İnsanın hayatı boyunca alıştığı, farkında olmadan günlük yaşantısında defalarca tekrarladığı davranışları ya da yaşadığı hisleri vardır. Yaşam boyunca alışkanlık haline gelen bu davranışlar ve hisler bazen o duygunun önemini biraz olsun yitirmesine, verdiğimiz önemin yokmuş gibi anlaşılmasına sebep olabilir. Bu yazımdaki amacım yaşantımızda aslında çok büyük bir yere sahip olan fakat günlük yaşantı halinde belirli bir alışkanlık seviyesine ulaştığı için değeri pek fazla hissedilmeyen müziğin kıymetini ve hayatımızdaki yerini anlatmak.
Öncelikle müziği tanımlamakla işe başlayalım;
Müziğin iki adet tanımı mevcuttur. Bunlardan bir tanesi “ İnsanların duygu ve düşüncelerini ezgiler yoluyla anlatma sanatına müzik denir.” , diğeri ise “ İnsanların duygularını şekillendiren ve yön vermeye yardımcı olan sanat biçimine müzik denir.” dir.

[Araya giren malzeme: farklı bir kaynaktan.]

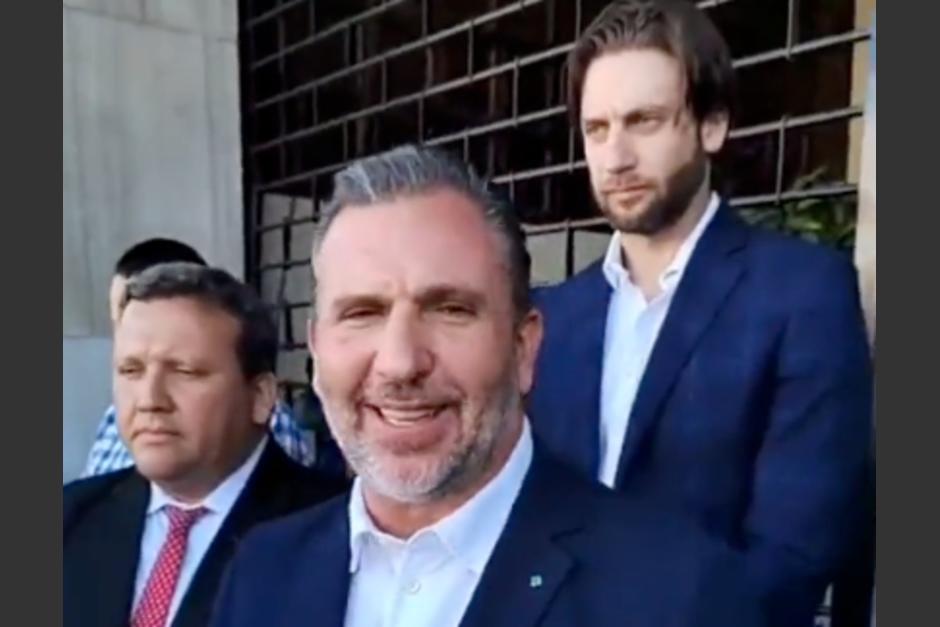 El amparo que presentó Roberto Arzú contra el TSE y Alejandro Giammattei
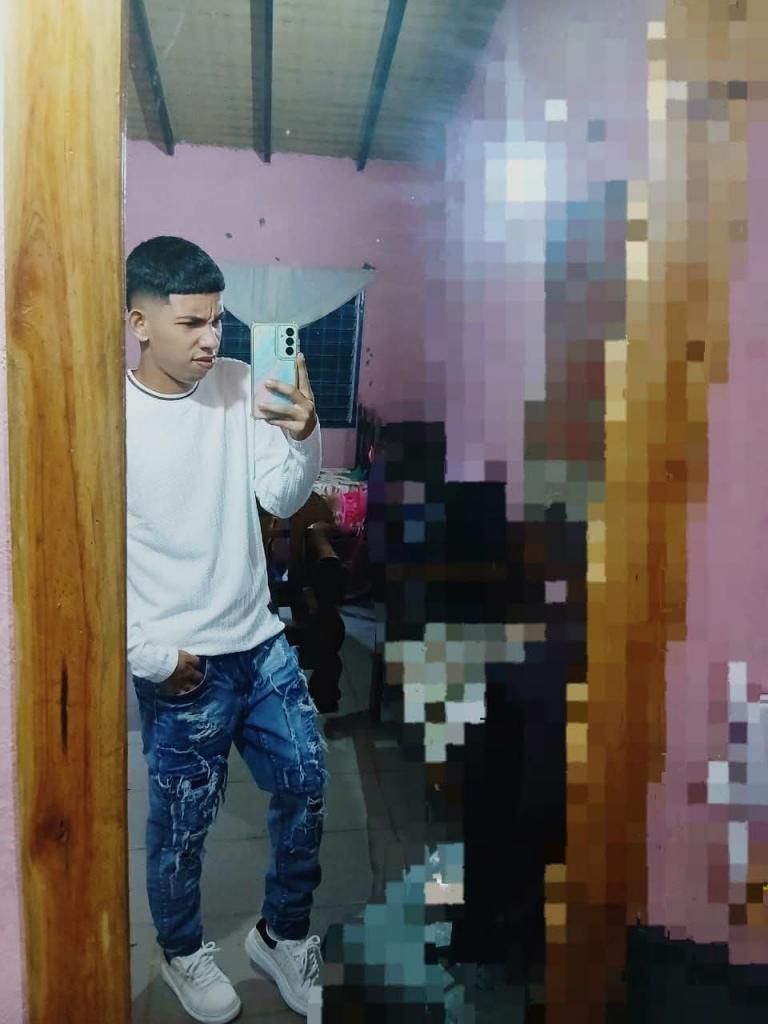 Chico busca chica en Tenerife: 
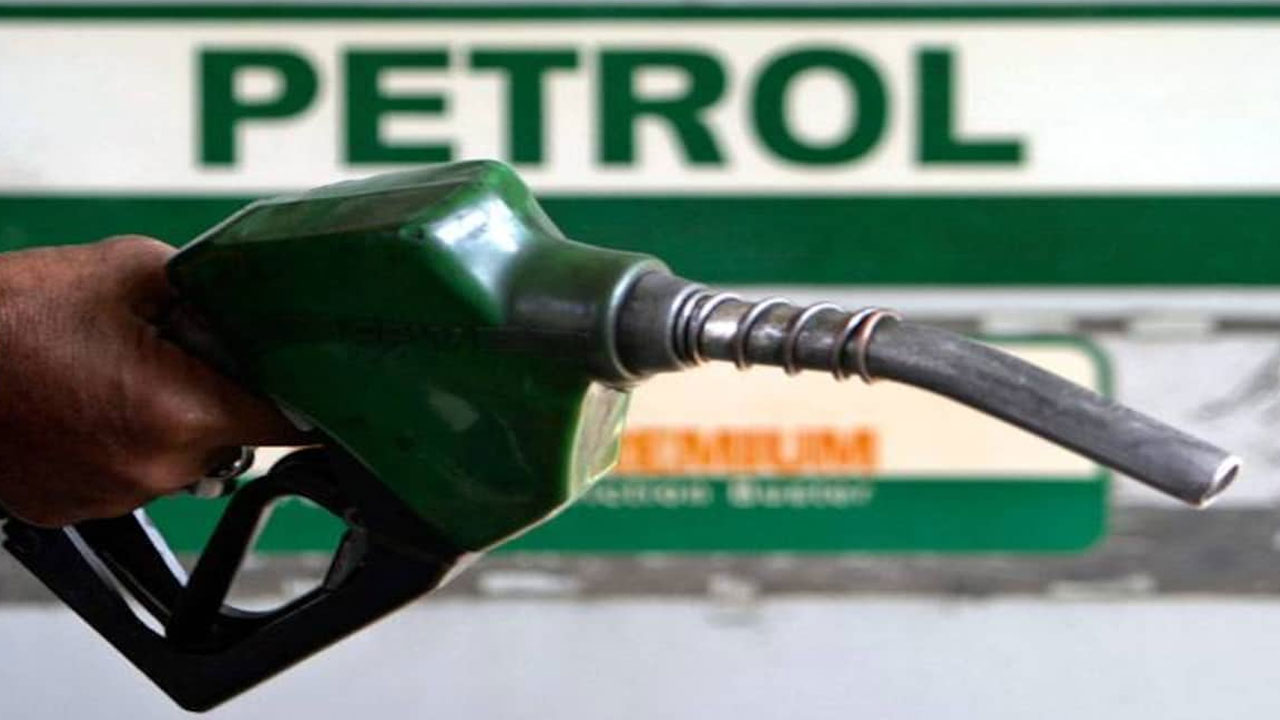 Fuel Price Cut: అక్కడ పెట్రోల్‌పై రూ.15, డీజిల్‌పై రూ.7 తగ్గింపు..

Yani müzik hem bizim duygularımızı yansıtıyor, hem de mevcut duygularımıza yön verip bu duygularımızın değişimini sağlayabiliyor. Müziğin insan hayatındaki yerini anlayabilmemiz için öncelikle bu tanımları bilmemiz ve müziği bir süreliğine hayatımızdan tamamen çıkardığımızı düşünmemiz gerekiyor. Aslında bu söylediğimi yapabilmemiz çok da mümkün değil. Çünkü müzik sadece belirli bir düzende oluşturulmuş nota kalıpları değildir. Aynı zamanda doğada duyduğumuz tüm sesler (adım sesleri, korna sesleri, rüzgar ses…) müziğin ve onun içinde bulunan bazı kavramların temelidir. Fakat biz yine de ilk aklımıza gelen haliyle yani sadece nota kalıpları olarak düşünüp hayatımızdan çıkardığımızı farzedelim. En basit örneğiyle izlediğimiz bir diziyi ya da filmi hayal edelim. Duygusal sahnelerde gelen hüzün dolu nağmelerin ya da komik sahnelere eşlik eden neşeli notaların tamamını çıkarın bu sahnelerden. Kesinlikle izlediğimiz şey tamamen anlamsızlaşır demeyeceğim çünkü tabi ki burada sanatın bir kolu olan sahne sanatı elbette o duyguyu bize yeterince tattıracaktır. Fakat müzik, bu sanatla uğraşan kişilerin vermek istedikleri o duyguyu ciddi anlamda desteklemektedir. Yine aynı şekilde izlediğimiz reklamların ardındaki müziği çıkarttığımızda bizde bıraktığı etkiyi ve normal haliyle bizde bıraktığı etkiyi karşılaştırırsanız ne demek istediğim sanırım daha net anlaşılacaktır. Yolculuk yaparken araba içindeki diğer insanlardan sonra belki de en kıymetli dostumuzdur müzik. Okulda çalan müzik bizleri derse davet eder ve eve uğurlar. Alışveriş yaparken işyerinde çalınan müzik cezbeder bizi orada 3 değil de 5 dakika geçirmeye. Yürürken, koşarken mırıldandığımız ya da dinlediğimiz ezgidir müzik. Saymakla bitiremeyeceğimiz her yerde dolu dolu müzik. Doğumdan itibaren uzunca bir süre bizi uykuya daldıran ve ömrümüzün son anına kadar bize eşlik edecek olan, istesek dahi hayatımızdan tamamen çıkaramayacağımız bir sanattır bizim uğraşımız.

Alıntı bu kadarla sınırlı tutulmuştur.